4. They are trapped nuted hands. This will be rare as mainly we want to fast play our very strong hands, but occasionally the EV of check raising is the same or more than check calling. Hands in this category are more likely to unblock bluffs, block value, and vs other nutted hands they are going to win a ton either way. Hands in category 2 are protected by this range. Some hands in category 2 might be used as bluffs to balance this range. They have tend to have showdown value when river checks through, but nuch less when facing a bet. IE, hands with the nutflush blocker, counterfeit 2p that block boats.

As for your second question I do think there are spots where we massively underdefend compared to MDF. Certain spots in 4bet pots as the caller when there is an A and K on the board. 4 flush runouts also come to mind.
Do we need to balance our give up hands? Quote
02-27-2024 , 10:16 PM
Hey man thanks for the answer.

For the point 4 you mean the ev of check raising and betting is the same in certain river spots right? I think you made a typo there.

About the text, sure, for the river IP is simple that we don't need protection of our check range.

But I think it's not even focused only on the river but any street. And my point is, even though our main focus for protection are mid hands because they have more equity to be protected, give up hands often have equity against the trash of the opponent too, so they also benefit from the protection we give to our check ranges on any spot.

In few words, you will often win with J high, specially if rival knows you will not fold everytime you check.

You can check this article of splitsuit where the topic is touched:

https://www.splitsuit.com/gto-polari...nges-made-easy

"Scenario: Nutted equity distribution and some air, nothing in the middle.

This is the perfect example of a range that likes to bet, since we can formulate a polarized range by the river very easily. Flop ranges are not usually this polarized so soon, but we have kept the models extremely simple for clarity.

Because our range does not contain too much trash, we can bet most of it without becoming too bluff-heavy on the later streets.

The solver uses the large bet sizing with a 95% frequency and never uses the small sizing. The high betting frequency might seem surprising when we consider that the overall range only has 36% pot equity, but this is the power of a polarized range!

The 5% checking range is pure air with zero strong hands for protection. Range protection is not required in this case because our opponent never bets when checked to.

If we tweak the model by adding some trash hands into our opponent’s range, the solver then protects the flop checking range with some strong hands. The solver still bets very frequently overall, but not quite as often since some of the value hands get checked."
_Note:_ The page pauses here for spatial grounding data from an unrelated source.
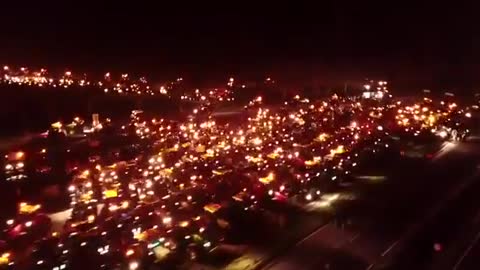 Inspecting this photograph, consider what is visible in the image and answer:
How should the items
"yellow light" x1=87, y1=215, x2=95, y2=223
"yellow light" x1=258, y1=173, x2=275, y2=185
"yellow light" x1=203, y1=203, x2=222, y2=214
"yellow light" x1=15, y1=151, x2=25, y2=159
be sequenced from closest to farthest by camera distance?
"yellow light" x1=87, y1=215, x2=95, y2=223, "yellow light" x1=203, y1=203, x2=222, y2=214, "yellow light" x1=258, y1=173, x2=275, y2=185, "yellow light" x1=15, y1=151, x2=25, y2=159

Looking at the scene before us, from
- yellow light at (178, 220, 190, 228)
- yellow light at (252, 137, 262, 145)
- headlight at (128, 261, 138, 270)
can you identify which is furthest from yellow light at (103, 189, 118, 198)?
yellow light at (252, 137, 262, 145)

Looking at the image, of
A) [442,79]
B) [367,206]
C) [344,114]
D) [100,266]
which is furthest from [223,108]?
[442,79]

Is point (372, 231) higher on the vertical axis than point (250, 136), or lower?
lower

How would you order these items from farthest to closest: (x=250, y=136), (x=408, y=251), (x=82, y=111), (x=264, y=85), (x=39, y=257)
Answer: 1. (x=264, y=85)
2. (x=82, y=111)
3. (x=250, y=136)
4. (x=408, y=251)
5. (x=39, y=257)

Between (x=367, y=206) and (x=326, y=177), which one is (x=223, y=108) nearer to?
(x=326, y=177)

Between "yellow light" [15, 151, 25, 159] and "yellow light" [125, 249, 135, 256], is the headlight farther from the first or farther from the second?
"yellow light" [15, 151, 25, 159]

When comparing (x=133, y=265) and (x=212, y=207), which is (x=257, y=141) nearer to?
(x=212, y=207) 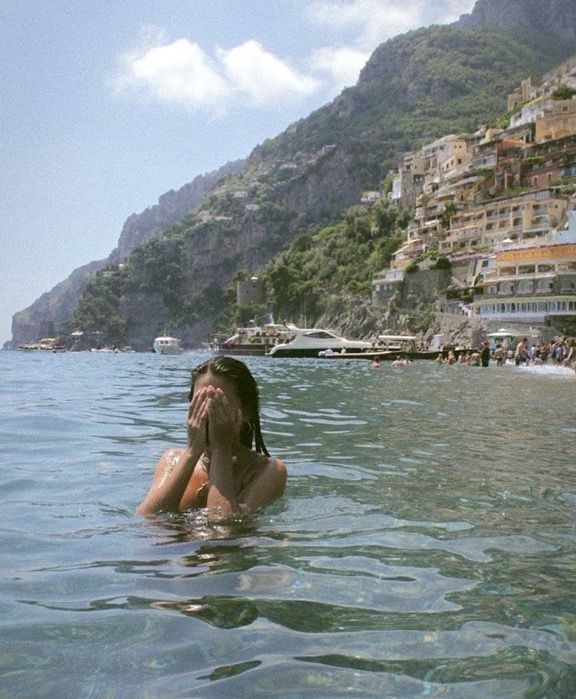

In this example, GTO decides to protect some of its trash against the rival trash apparently, so the claim of give up hands not needing protection doesn't sound accurate to me, even though for importance reasons our focus is on mid hands and give up hands often benefit as collateral result of we trying to protect our mid hands.

I agree on the last comment, I already checked there are spots where we underdefend by a wide margin (half the MDF).